3E Presents: Foreigner Week

If someone had told me that in August of 1981, I'd state that a Foreigner song with a scorching Junior Walker sax break might be the best damned car-radio single of the summer, I'd have advised him to ease up on the black beauties. But "Urgent" is terrific. (Considering these guys' pallid output over the years, how'd they ever convince Walker to get involved?) I'm not trying to be nasty, yet I've always thought that Foreigner was a group worth ignoring rather than criticizing. Their earlier hits, "Cold as Ice," "Dirty White Boy" and "Double Vision," hold up as reasonably good rockers in the Bad Company-Van Halen vein, but they're not nearly as neat as the quality stuff on Bad Company's first two albums. And all of the above bands pale in comparison to those they struggle to imitate: Free and vintage Led Zeppelin.

Lou Gramm is no Paul Rodgers or Robert Plant (which might be just as well these days), yet he sings the hell out of "Urgent," a metallic, predatory confessional about sexual obsession, steeped in steamy nocturnal cravings. The instrumentation is crisp and spare, and Walker punctuates the cynical seductive frenzy like the master that he is, cutting loose at the moment the sap is spurting with a rippling solo that ranks with his finest work.

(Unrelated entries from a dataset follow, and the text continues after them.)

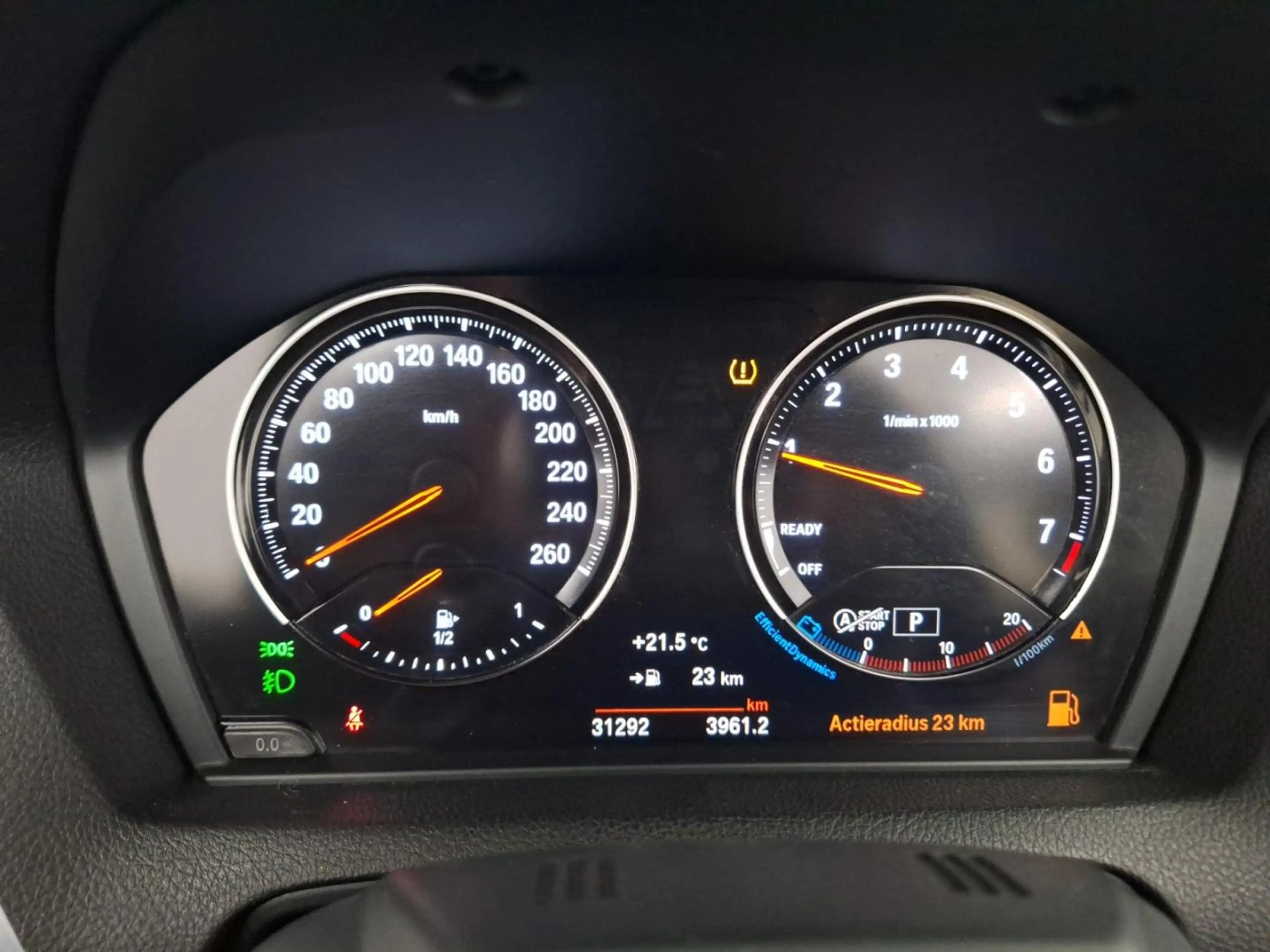 BMW 218 SPORTLINE CABRIO AUTOMAAT *DAB*SENSOREN VOOR EN AC — photo 15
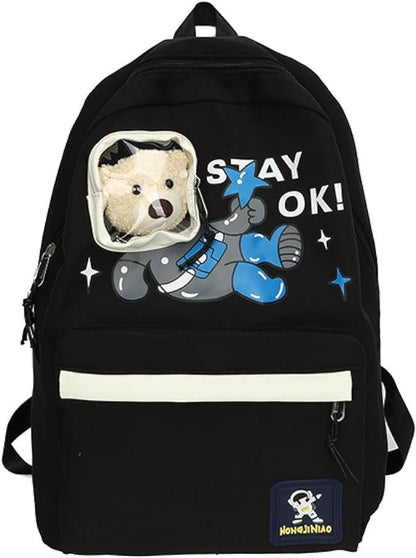 Mochila Oso Astronauta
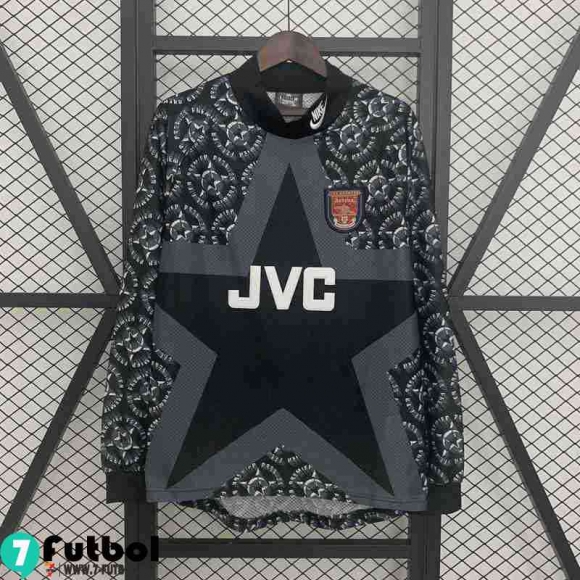 Retro Camiseta Futbol Arsenal Porteros Hombre 94 95 FG807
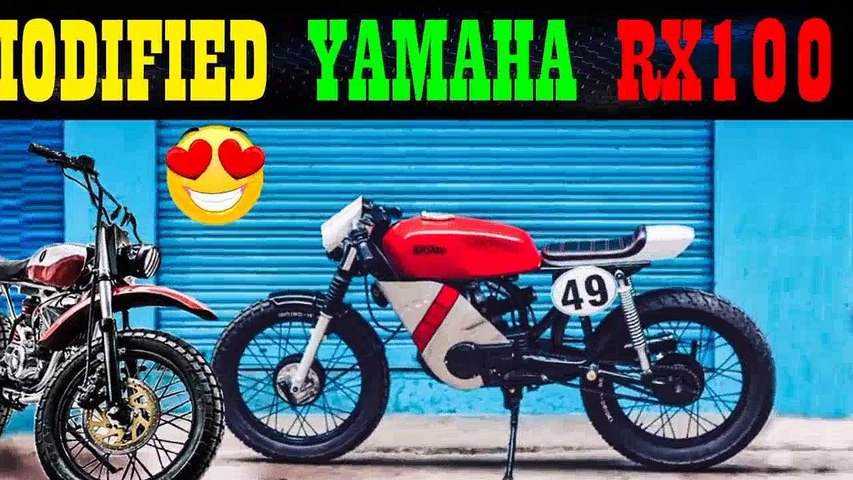 Modified Yamaha Rx100 Video Dailymotion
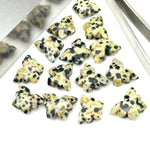 Load image into Gallery viewer, Natural Dalmation Jasper Butterfly Beads, Carved Gemstone Beads, Faceted Gemstone Carving Beads, Jewelry Making Wholesale Beads 14x10 MM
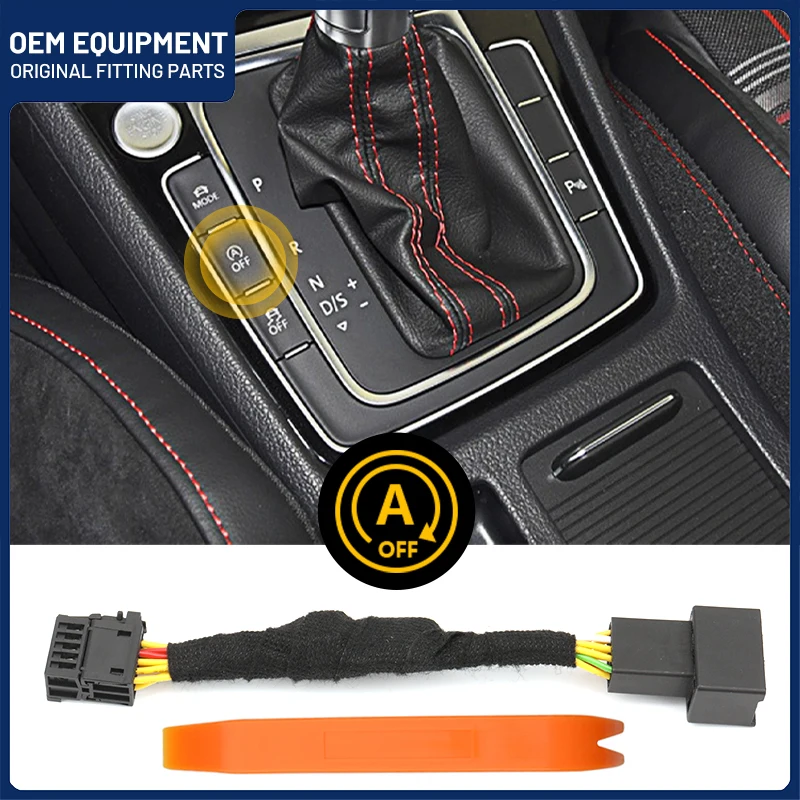 Per Vw Auto Automatic Stop Start Engine System Off Device Control Sensor Plug Per Golf 7 7.5 Mk7 Passat B8 8.5 Touran T-Roc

How Foreigner managed to crank out such a marvelous backseat anthem and then sink into utter mediocrity on the rest of 4 is mildly intriguing, but – shrug – what are you gonna do? I mean, without Gramm's vocals, there's nothing to distinguish the group's sound from that of a dozen other middling-to-hard rock acts. Indeed, "Break It Up" sounds like a bar band imitating Queen, 10cc and, only incidentally, Foreigner.